Prediction of adsorption energies on metal alloys through PCR. a PCR-L1O estimates of formation energies plotted against experimental data of Supplementary Table 4 (orange circles)53. Open circles stand for the predicted values when coverage effects are not considered. DFT data from ref. 52 are provided as benchmark for PBE and BEEF-vdW density functionals, in dark and light gray, respectively. b Single-atom (SAA), c sub-surface (NSA-SS), and d overlayer (NSA-OL) alloys. Taking the DFT thermochemistry of 71 adsorbates on 12 pure metals and 3 predictors for each alloy (*O, *OH, and *CCHOH), the adsorption energies for the remaining 68 adsorbates was predicted. Then, 1% of these species were randomly selected as validation set, calculated by DFT, and benchmarked on bd

Finally, we have used PCR to generate the first full thermochemical database containing SAAs and NSAs. The SAAs were obtained by replacing one atom by the guest element, whereas the NSA14 were generated by substituting either the overlayer or the sub-surface layer (Fig. 5b–d). The host elements were those listed in Fig. 4 and the guest elements also included Fe, Co, and Re, for a total of \(12* (15-1)=168\) SAA and 336 NSA. For each alloy, the prediction of the thermochemistry required four DFT evaluations, corresponding to the clean surface and three predictors: O*, *OH, and *CCHOH. The alloys whose structures did not converge are listed in the Supplementary Methods and were removed from the pool, leaving 165 SAAs and 278 NSAs.
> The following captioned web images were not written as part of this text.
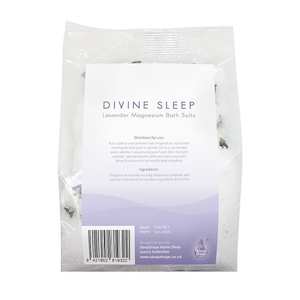 Health food wholesaling: Lavender Magnesium Bath Salts 200g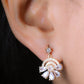 GehnaBuzz Pastel Paradise Rose Gold Earring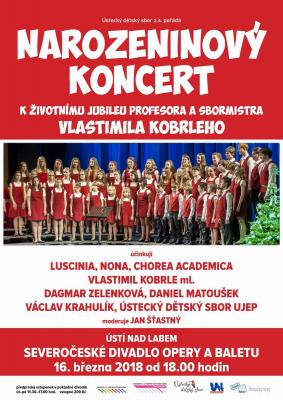 Narozeninov koncert - steck dtsk sbor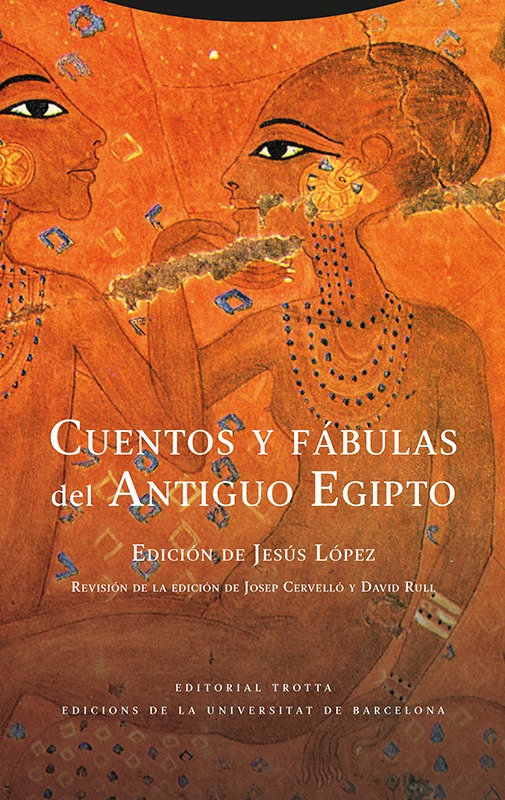 Cuentos y fbulas del Antiguo Egipto (NE): portada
These results, collected on matrix \({{\bf{E}}}_{{\rm{val}}}\), required 1772 DFT evaluations. With this data, and taking the pure metals as a training set (12 \(\times\) 71 = 852 DFT evaluations distributed between matrices E and E’), a PCR was applied to predict the thermochemistry for the remaining 68 species on each alloy. As a result, a database of 31,453 formation energies was generated (Supplementary File: alloys-prediction.csv). To benchmark this database, 1% of these species were randomly selected, calculated by DFT, and compared with the predictions of PCR. The benchmark, shown in Fig. 5b–d excluded those species that belong to predictor set. In all cases, the estimates are within the DFT accuracy, with a MAE around 0.19 eV. This shows the high predictive power of PCR as the number of explicit DFT calculations is reduced 20 times for each new alloy. However, the PCA/PCR employed above can be extended to account for other effects, likely appearing as new components in the expansion in Eq. (5). Examples of these effects are coverage contributions54, transition state search18, site coordination22,35,45, and solvation7,55.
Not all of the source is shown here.